Credo is clearly winning, up 500% since this time last year.
And Active Electrical Cables (AECs) have a lot to do with it.
If cables sound boring…well they aren’t to Tony Stark:
Oh, by the way, those purple cables… yep. Credo AECs.
Let’s first cover the technical basics of AECs.
Then for subscribers we’ll go DEEP into the lucrative business of AECs.
The Basics of Active Electrical Cables
Whether it’s Elon wiring up 200K GPUs for xAI’s Colossus or Amazon racking and stacking 2 million Graviton CPUs in the AWS cloud, all that compute still needs to be connected via physical cables. You’ve gotta be able to talk to every machine.
What kind of cables?
Two options: copper and optical.
Copper vs Optical
Copper is simple. Electrical signals travel over a copper wire.
Optical is more complex. Electrical signals must be converted to light signals, which then travel down a fiber and are converted back to electrical at the other end.
Clearly, copper is simpler.
Optical requires an optical transceiver, a small module that houses a semiconductor laser to generate light, modulators to encode the electrical signal onto that light, a fiber to carry the light pulses, and a photodiode receiver to convert them back into electrical form at the other end.
And as you would expect, simple means cheaper.
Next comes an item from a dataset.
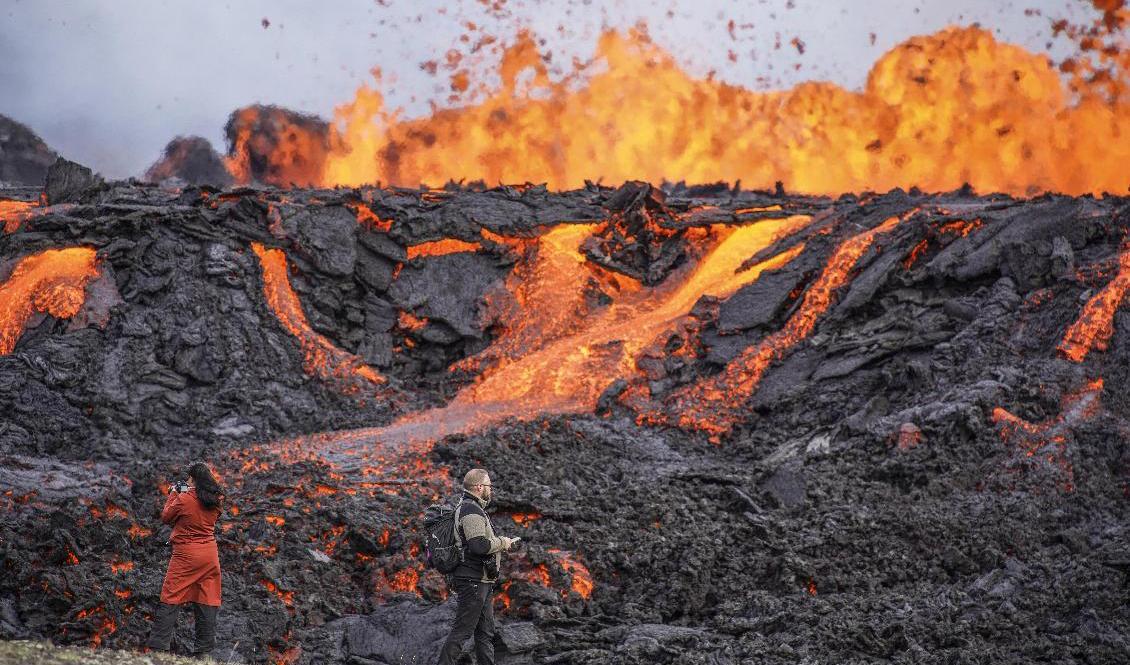 Het lava började i onsdags välla ut från en trång spricka i Fagradalsfjäll, drygt 30 kilometer från huvudstaden Reykjavik. Foto: Marco Di Marco/AP/TT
Optical transceivers must be manufactured with extreme precision using exotic materials such as indium phosphide. They are thermally sensitive, generating enough heat that extra cooling and careful thermal design are required. All of that complexity adds cost compared to simple copper wires.
Simple can also mean lower latency. Optical links require extra steps in serialization, encoding, and optical-electrical conversion, which together add nanoseconds.
And as we stated, simple copper cables require less power. Driving an electrical signal over a few meters of copper takes only a fraction of the energy needed to run lasers, modulators, and photodiodes inside an optical module.
What’s maybe less obvious is that simple also means higher reliability. Optical modules have more potential points of failure. Lasers degrade over time, connectors are sensitive to dust and misalignment, and the components are vulnerable to both heat and electrostatic discharge.
Rule of thumb: If you can do it in copper, you should.